Atrapalhar o segundo turno da reforma da Previdência é um erro
Senado e Câmara correm o risco de pôr a perder, senão toda ela, pelo menos uma parte da boa imagem que construíram neste ano. Logo depois da posse, em fevereiro, muita gente olhou para a composição das duas Casas – esse repórter também –, e não teve dúvidas em dizer que era o pior Congresso desde o fim da ditadura militar.
Recuperados da surpresa da exclusão da mesa farta do Palácio do Planalto e da perda do poder de mando sobre a Esplanada dos Ministérios e estatais, como Petrobrás, Banco do Brasil, Caixa, BNDES e Correios, para citar alguns dos alvos mais desejados, deputados e senadores se recolheram. Foram pensar no que fazer diante da dura realidade que lhes impunha o presidente Jair Bolsonaro ao lhes negar as tetas do governo.
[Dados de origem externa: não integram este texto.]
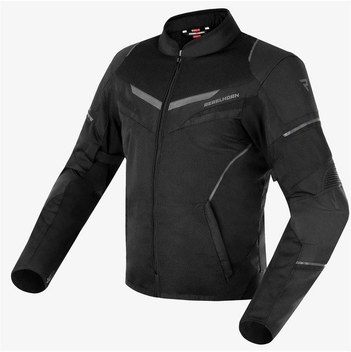 Revıt Eclıpse 2 Motosiklet Montu Siyah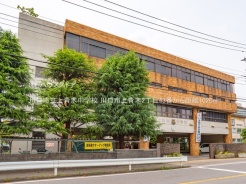 川口市上青木2丁目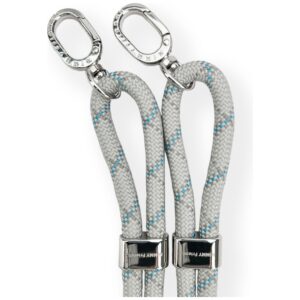 Komplektas per petį + dirželis rankai Nimmy Cool&Cute 2.0 pilkos spalvos - Image 4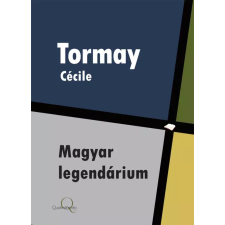 Quattrocento Magyar legendárium egyéb e-könyv
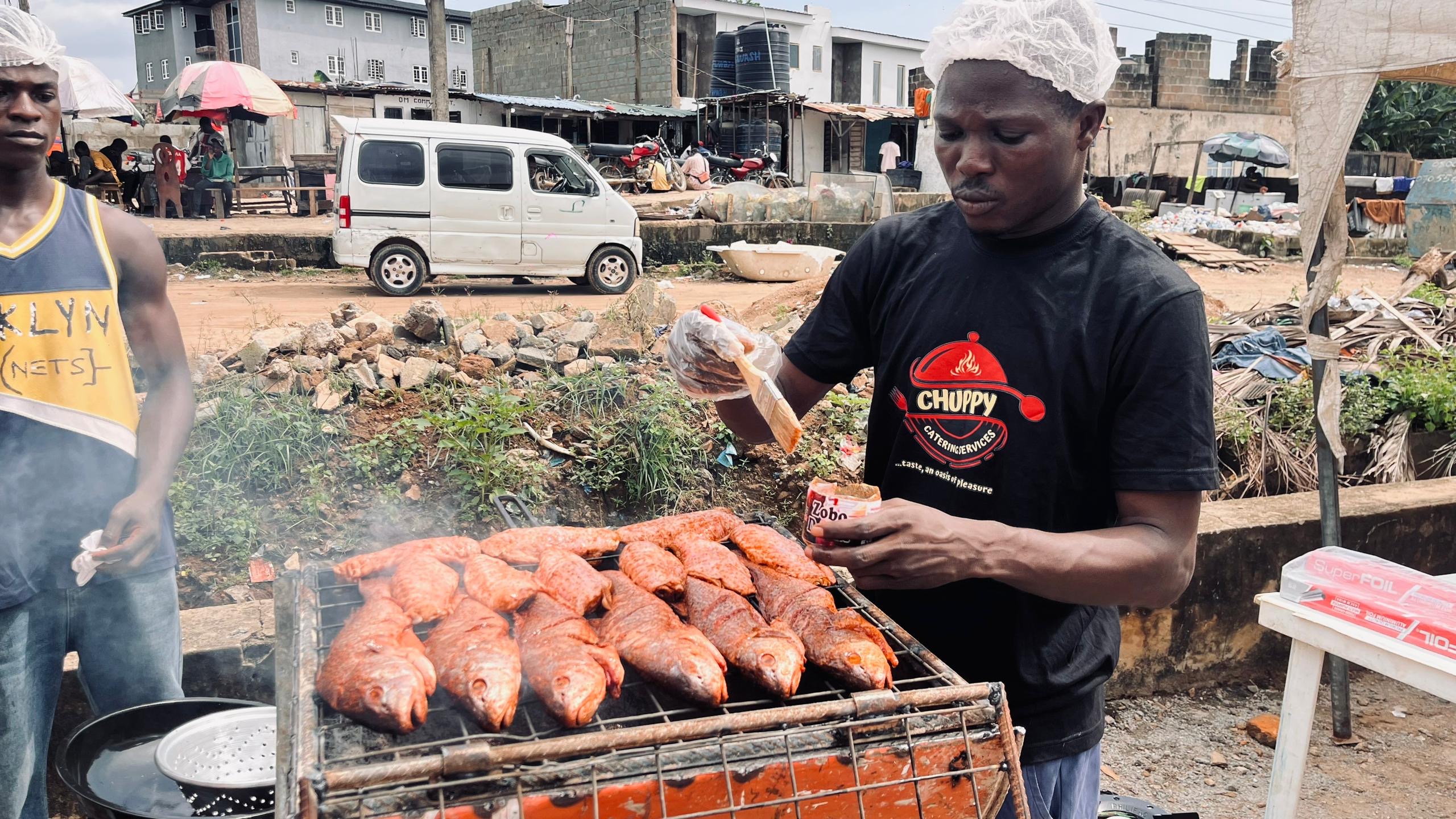 Chuppy Catering Services photo 4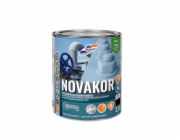 Základní nátěr Antikor Novakor, matný, černý 2,7l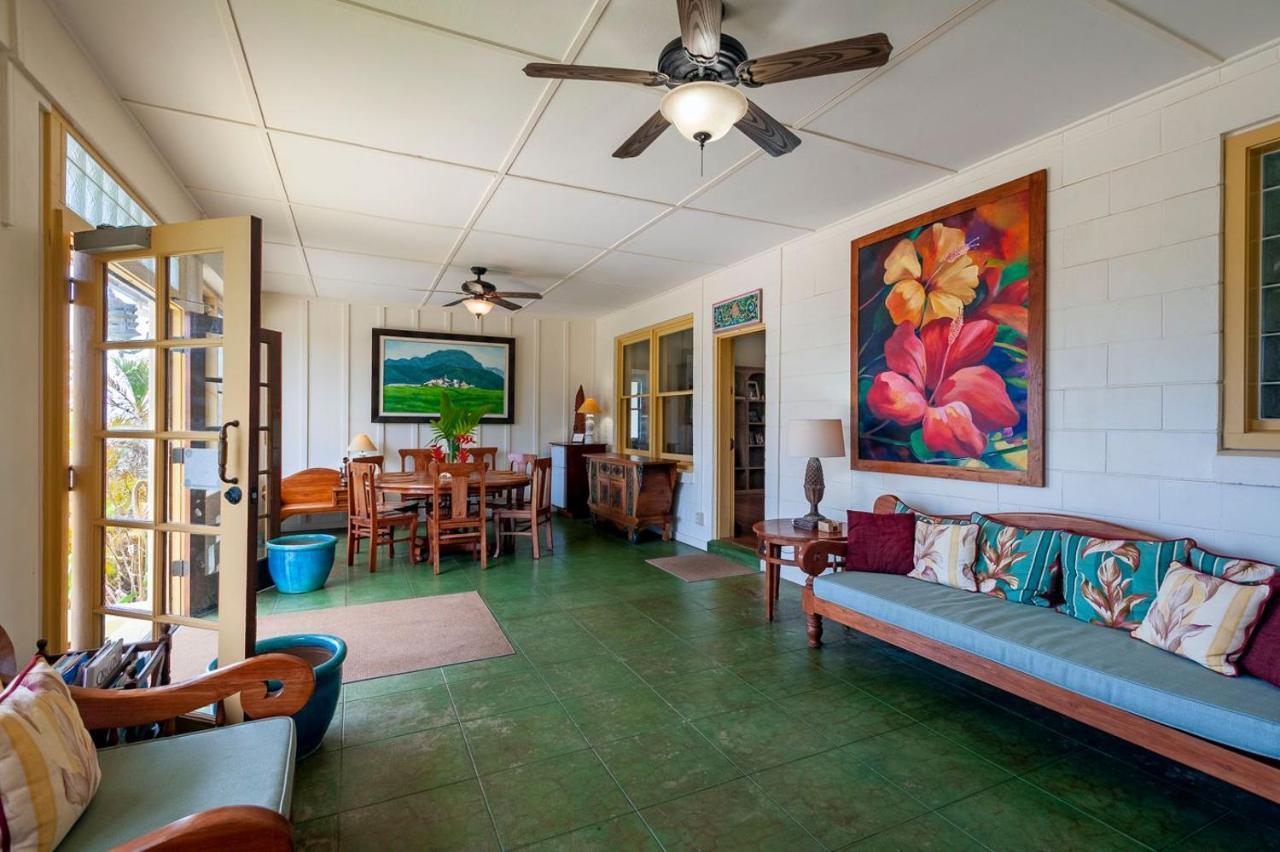 Poipu Plantation Vacation Rentals Koloa Luaran gambar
Entenderam que o melhor jeito de enfrentar tal situação sem que morressem por inanição era fazer valer a voz e a vontade do Congresso.
Deixariam de ser um apêndice do Executivo, como nos governos anteriores, e cuidariam de uma pauta própria. Logo assumiram para si a agenda positiva do governo, traduzida primeiramente na reforma da Previdência. Decretos e outras iniciativas do presidente da República começaram a ser derrubados, a exemplo do decreto que aumentava o número de agentes públicos autorizados a dizer o que era documento secreto ou ultrassecreto e do que flexibilizava a posse de armas, substituído por um projeto de lei.
Por achar que manter o Coaf no Ministério da Justiça fortaleceria demais o ministro Sérgio Moro e o aparelho de controle financeiro, fiscal e de investigação, o Congresso mudou a medida provisória que reduziu ministérios e fundiu outros. Sem que o governo nada pudesse fazer, o Coaf foi devolvido ao Ministério da Economia (posteriormente o presidente Jair Bolsonaro o transferiu para o Banco Central).
Tudo o que os deputados consideraram que era alheio ao tema Previdência, e que constava do projeto de reforma enviado pelo governo, foi arrancado ainda na Comissão de Constituição e Justiça da Câmara. E a reforma da Previdência andou. Rápida, segura. Era o Congresso dizendo à sociedade que assumia ali a agenda positiva para o País. Era o Congresso dizendo que, apesar das aparências, estava disposto a desmentir os que o consideravam o pior da História recente.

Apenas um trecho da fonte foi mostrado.